In part a, you’re trying to find the angle bisector from the midpoint, but in part b, you’re trying to find the midpoint using the angle bisector. So they’re basically the opposite of each other, but you have the same point and the same line. They were just found in different ways.  1

Part a starts of with finding the midpoint to segment QR and then creates a line from P to go through the midpoint while part b starts with an angle bisector PS then goes to see if it intersects the midpoint to of segment QR.       1

in part a your contructing a midpoint, in part b you are constructing a bisector         1

In part a you are justifying that PM is a bisector of QPR, but in part b you are justifying that PS meets QR at its midpoint.         1

The difference is that part a to show that the bisector will go through the midpoint, while part b is asking to show that the bisector does go through the midpoint rather than just some random point.       1

In part A the midpoint is labeled M and in part B the midpoint is labeled S, but it is the same point. Also part A and part B make the same image, but the just switch the order they made the image. like finding the midpoint first then the bisector, vice versa    1

Students spent a few minutes creating an argument for part a. Then we looked at some of the student work from last year to critique the arguments.
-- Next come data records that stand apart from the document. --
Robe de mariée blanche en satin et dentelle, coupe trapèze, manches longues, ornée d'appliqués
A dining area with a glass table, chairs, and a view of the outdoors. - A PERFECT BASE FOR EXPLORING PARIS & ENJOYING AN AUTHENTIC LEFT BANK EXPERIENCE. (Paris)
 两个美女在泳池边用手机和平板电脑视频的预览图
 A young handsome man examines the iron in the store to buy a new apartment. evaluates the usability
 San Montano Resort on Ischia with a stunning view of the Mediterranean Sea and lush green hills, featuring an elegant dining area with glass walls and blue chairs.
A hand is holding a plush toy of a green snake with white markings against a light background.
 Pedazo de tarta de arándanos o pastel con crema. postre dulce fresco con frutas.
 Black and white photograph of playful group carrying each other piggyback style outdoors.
In Embedding Formative Assessment, Dylan Wiliam suggests that students learning how to give feedback should start with anonymous student work … and eventually move towards student work from peers in the same class. This seemed to work well for this task. Additionally, I had the opportunity to purposefully select and sequence the work for giving feedback ahead of time, which gave us more time for learning during class.

My geometry students are 1:1 this year with MacBook Airs, and so I sent a PDF of the student work samples through TI-Nspire Navigator for Networked Computers, which gave them an up-close look at the student work instead of my having to stand at the copy machine for a while or students trying to decipher from it only being displayed on the board at the front of the room.

We looked at one student work sample at a time using Think-Pair-Share to make student thinking visible. What feedback would you give this student?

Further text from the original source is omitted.